Axolotl in silico mixing and souporcell demultiplexing
FASTQ files from a previously published (Lust et al, 2022) axolotl single-nucleus RNA sequencing dataset were downloaded. Libraries from ArrayExpress (E-MTAB-11662) labeled “reseq” and from samples D_1, L_1, and M_1, three individual animals all run on individual wells on a 10x Genomics chip were downloaded. To make a Cell Ranger reference, the axolotl genome (AmexG_v6.0-DD) was downloaded from https://www.axolotl-omics.org/dl/AmexG_v6.0-DD.fa.gz along with a gtf (AmexT_v47-AmexG_v6.0-DD.gtf) https://www.axolotl-omics.org/dl/AmexT_v47-AmexG_v6.0-DD.gtf.gz, which required the removal of white space (i.e, sed “s/\ \[/_/g”) for use with Cell Ranger (v7.0.0) mkref. Cell Ranger count was run on each library individually, resulting in three position–sorted BAM files from samples D_1, L_1, and M_1. BAM files were merged using synth_pool.py from Vireo (Huang et al, 2019) using the VCF downloaded from (http://ambystoma.uky.edu/hubExamples/hubAssembly/hub_AmexG_v6/AmexG_v6.hub_data/SNP_vcf_tracks/ddMale_to_AmexGv6.vcf.gz) which was filtered using BCFtools v1.11.

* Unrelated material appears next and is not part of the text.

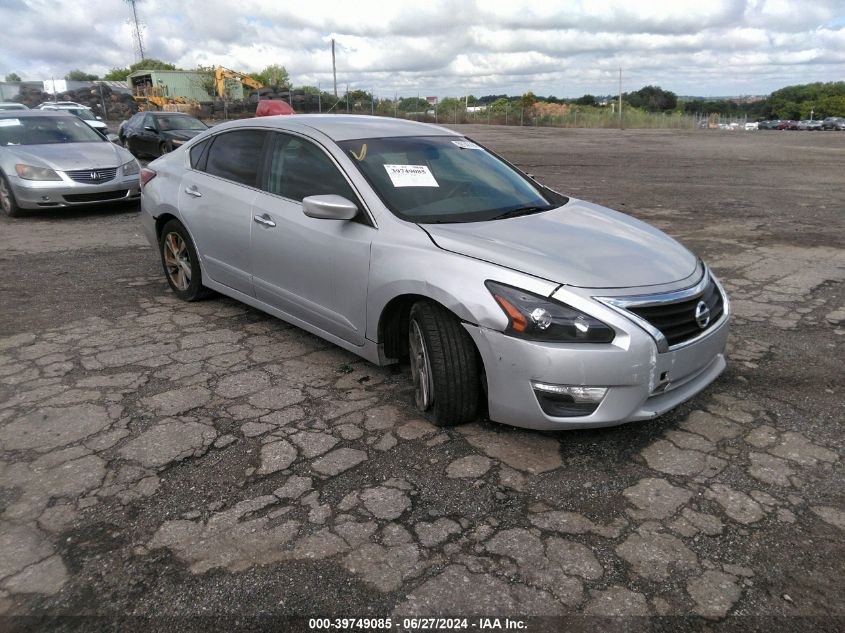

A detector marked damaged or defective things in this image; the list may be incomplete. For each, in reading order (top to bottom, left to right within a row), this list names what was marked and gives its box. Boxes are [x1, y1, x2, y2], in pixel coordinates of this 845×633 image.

cracked asphalt [0, 126, 840, 628]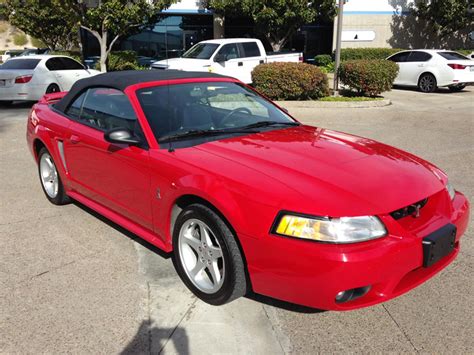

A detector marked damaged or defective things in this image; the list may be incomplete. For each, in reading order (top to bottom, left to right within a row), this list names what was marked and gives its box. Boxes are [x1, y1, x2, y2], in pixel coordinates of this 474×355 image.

crack in pavement [382, 304, 418, 354]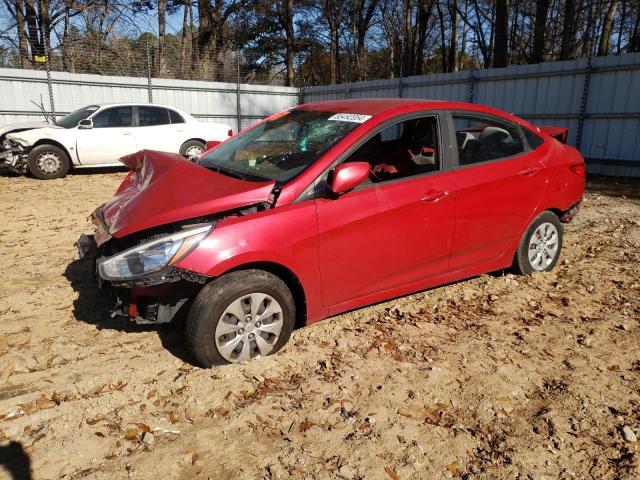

bcftools filter --include “MAF ≥ 0.05” -Oz --output ddMale.common_maf0.05.vcf.gz ddMale_to_AmexGv6.vcf and then sorted:
bcftools sort -Oz ddMale.common_maf0.05.vcf -o sorted.ddMale.common_maf0.05.vcf.gz
Barcodes.tsv files were obtained from filtered outputs of Cell Ranger count for each library. Doublet rate (-d) was set to 0.1 and --randomSEED 50.
python synth_pool.py -s /D_1/outs/possorted_genome_bam.bam,/L_1/outs/possorted_genome_bam.bam,/M_1/outs/possorted_genome_bam.bam /D_1/filtered_feature_bc_matrix/barcodes.tsv,/L_1/outs/filtered_feature_bc_matrix/barcodes.tsv,/M_1/outs/filtered_feature_bc_matrix/barcodes.tsv -d 0.1 -o pooled_bam -p 1 -r sorted.ddMale.common_maf0.05.vcf.gz --randomSEED 50.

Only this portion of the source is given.